Input material:

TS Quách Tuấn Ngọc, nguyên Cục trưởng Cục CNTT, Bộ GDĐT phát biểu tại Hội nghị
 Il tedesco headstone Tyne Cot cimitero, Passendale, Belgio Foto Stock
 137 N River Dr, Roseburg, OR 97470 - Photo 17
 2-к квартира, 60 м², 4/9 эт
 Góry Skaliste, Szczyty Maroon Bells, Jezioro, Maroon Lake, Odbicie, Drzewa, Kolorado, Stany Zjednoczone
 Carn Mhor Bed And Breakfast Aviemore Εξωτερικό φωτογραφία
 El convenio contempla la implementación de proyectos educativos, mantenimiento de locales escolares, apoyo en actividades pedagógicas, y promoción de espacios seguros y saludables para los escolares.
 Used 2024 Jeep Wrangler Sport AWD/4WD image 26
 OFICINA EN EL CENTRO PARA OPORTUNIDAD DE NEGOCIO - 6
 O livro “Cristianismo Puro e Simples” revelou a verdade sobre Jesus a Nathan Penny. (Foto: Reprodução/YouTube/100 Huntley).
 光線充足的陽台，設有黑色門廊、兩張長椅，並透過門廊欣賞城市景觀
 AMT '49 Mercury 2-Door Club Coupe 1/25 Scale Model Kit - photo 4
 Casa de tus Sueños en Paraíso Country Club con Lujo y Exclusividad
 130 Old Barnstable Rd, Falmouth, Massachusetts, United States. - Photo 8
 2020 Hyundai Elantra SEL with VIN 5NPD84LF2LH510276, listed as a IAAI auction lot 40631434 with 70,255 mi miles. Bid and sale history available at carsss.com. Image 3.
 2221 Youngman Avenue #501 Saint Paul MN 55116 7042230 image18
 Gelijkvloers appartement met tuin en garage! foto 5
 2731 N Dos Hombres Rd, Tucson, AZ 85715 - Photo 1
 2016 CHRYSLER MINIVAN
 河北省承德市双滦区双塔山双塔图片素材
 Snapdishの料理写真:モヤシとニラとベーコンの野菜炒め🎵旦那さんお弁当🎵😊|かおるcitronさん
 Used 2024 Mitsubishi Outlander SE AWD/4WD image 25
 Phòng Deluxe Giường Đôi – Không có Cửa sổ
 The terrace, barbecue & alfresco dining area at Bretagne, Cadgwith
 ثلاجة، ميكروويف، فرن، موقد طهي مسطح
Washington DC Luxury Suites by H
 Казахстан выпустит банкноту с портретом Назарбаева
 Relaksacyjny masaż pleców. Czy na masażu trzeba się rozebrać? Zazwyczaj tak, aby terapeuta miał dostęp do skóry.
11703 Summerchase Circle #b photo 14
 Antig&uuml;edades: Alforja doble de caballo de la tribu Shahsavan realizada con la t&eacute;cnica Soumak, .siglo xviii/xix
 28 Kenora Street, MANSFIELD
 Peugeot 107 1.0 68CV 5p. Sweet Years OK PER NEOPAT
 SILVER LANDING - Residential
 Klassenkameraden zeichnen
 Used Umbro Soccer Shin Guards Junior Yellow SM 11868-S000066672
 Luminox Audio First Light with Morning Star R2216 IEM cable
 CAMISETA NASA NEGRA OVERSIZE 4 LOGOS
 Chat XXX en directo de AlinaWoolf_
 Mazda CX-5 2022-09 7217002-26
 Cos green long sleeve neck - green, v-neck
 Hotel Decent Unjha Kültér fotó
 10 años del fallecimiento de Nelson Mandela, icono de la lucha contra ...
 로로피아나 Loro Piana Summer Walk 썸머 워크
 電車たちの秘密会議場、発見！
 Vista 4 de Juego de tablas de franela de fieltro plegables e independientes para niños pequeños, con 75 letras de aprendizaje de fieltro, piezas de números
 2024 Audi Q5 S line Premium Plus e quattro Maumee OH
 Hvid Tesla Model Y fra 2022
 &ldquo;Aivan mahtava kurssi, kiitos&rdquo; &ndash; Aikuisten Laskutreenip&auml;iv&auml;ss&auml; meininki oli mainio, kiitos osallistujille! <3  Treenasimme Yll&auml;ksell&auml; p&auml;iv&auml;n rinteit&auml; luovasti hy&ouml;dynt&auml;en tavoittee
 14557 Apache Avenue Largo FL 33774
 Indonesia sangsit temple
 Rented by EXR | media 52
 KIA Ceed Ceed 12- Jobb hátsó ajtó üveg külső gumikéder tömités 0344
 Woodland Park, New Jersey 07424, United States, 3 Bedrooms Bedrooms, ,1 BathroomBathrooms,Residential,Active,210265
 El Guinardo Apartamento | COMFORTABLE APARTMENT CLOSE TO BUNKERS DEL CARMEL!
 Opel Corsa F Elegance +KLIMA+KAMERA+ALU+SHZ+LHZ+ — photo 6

Required work: Show every line from the entries that includes the word "States".

Expected answer:
 130 Old Barnstable Rd, Falmouth, Massachusetts, United States. - Photo 8
 Woodland Park, New Jersey 07424, United States, 3 Bedrooms Bedrooms, ,1 BathroomBathrooms,Residential,Active,210265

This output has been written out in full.